TASK REQUIREMENTS:
The reply is to contain the full listing, repeated exactly, with pictures left out.

**** DATA SHOWN ****

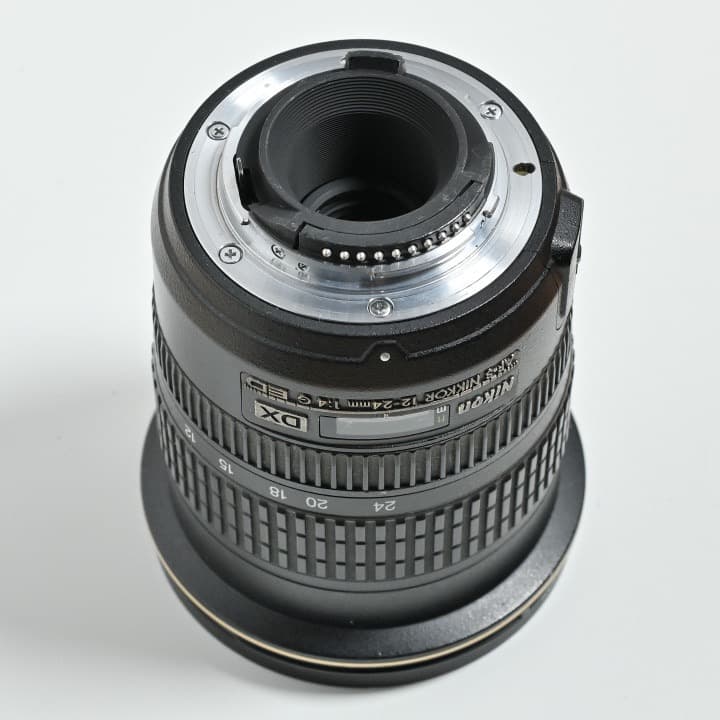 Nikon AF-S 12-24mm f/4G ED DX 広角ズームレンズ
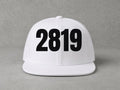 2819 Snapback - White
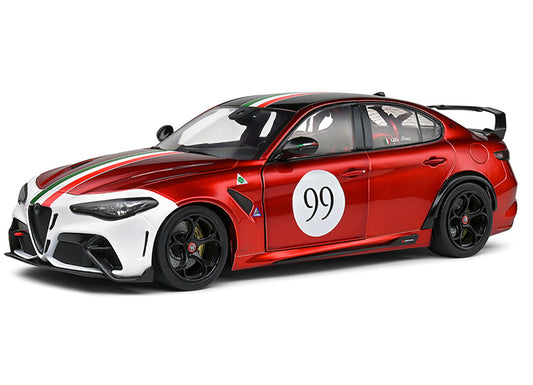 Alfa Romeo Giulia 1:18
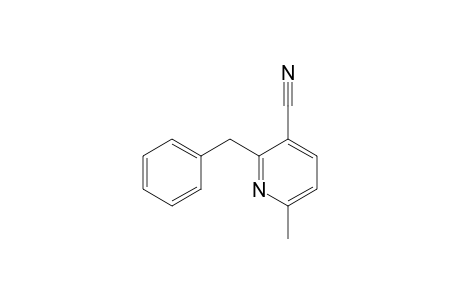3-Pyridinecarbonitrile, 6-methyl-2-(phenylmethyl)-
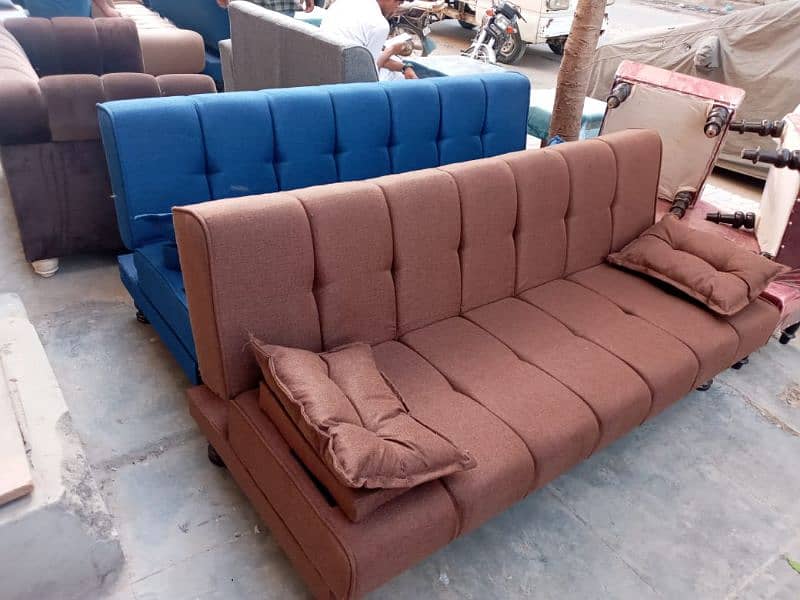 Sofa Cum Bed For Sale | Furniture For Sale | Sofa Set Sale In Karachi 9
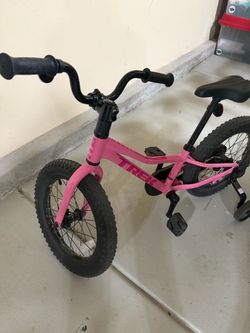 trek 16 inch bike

****

EXERCISE RESULT:
 Nikon AF-S 12-24mm f/4G ED DX 広角ズームレンズ
 2819 Snapback - White
 Alfa Romeo Giulia 1:18
3-Pyridinecarbonitrile, 6-methyl-2-(phenylmethyl)-
 Sofa Cum Bed For Sale | Furniture For Sale | Sofa Set Sale In Karachi 9
 trek 16 inch bike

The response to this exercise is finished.